Relaxo is also diversifying its product offerings with premium brands like Bahamas and Flite Urban Basics. “Our journey toward premiumisation continues—we have to improve in the premium range,” Dua stresses, underscoring the company’s focus on enhancing its market presence in higher-end segments.
Business Outlook
Relaxo Footwears’ success in the last fiscal year is a testament to its resilience in a challenging business environment. With strong sales in open footwear, robust financials, and significant investments in technology and compliance, the company is well-positioned to capitalise on future growth opportunities both domestically and internationally.
“With ongoing infrastructure enhancements and economic progress reaching rural areas, there's a growing demand for footwear among these demographics, stimulating market growth,” says Gaurav Dua.
The government's "Make in India" campaign is actively promoting domestic footwear production through massive infrastructure backing. This is further helping the industry reduce its dependency on imports while establishing India as a global manufacturing hub for footwear.

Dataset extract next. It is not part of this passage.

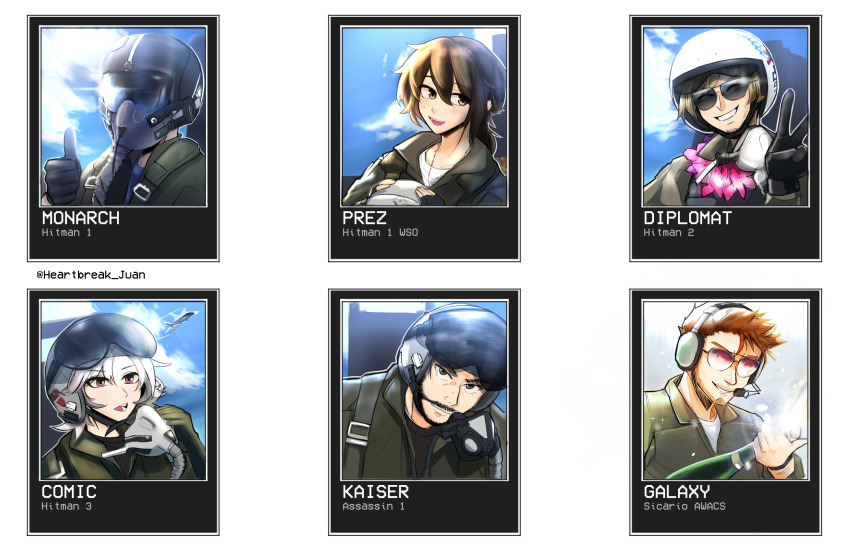 2girls 4boys aircraft airplane beard black_gloves black_hair bottle brown_hair comic_(project_wingman) diplomat_(project_wingman) facial_hair fighter_jet freckles galaxy_(project_wingman) gloves heartbreak_juan helmet highres holding holding_bottle kaiser_(project_wingman) military military_vehicle monarch_(project_wingman) multiple_boys multiple_girls pilot pilot_helmet prez_(project_wingman) project_wingman red_eyes sunglasses thumbs_up v white_hair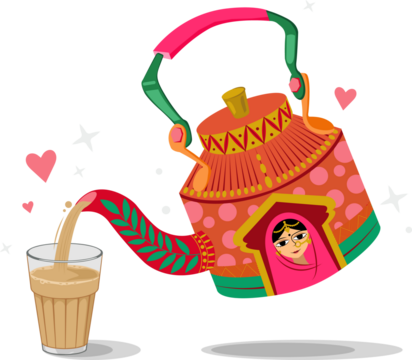 Flat tea kettle is pouring into glass with folk-art portrait and hearts on transparent background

By navigating regulatory challenges, expanding into ecommerce, and focusing on premiumisation, Relaxo is charting a course for sustained growth in the Indian footwear market. The company’s emphasis on innovation and compliance, combined with its strategic initiatives in exports and premium brands, is expected to drive its next phase of growth, setting the stage for an exciting future in India’s thriving footwear industry.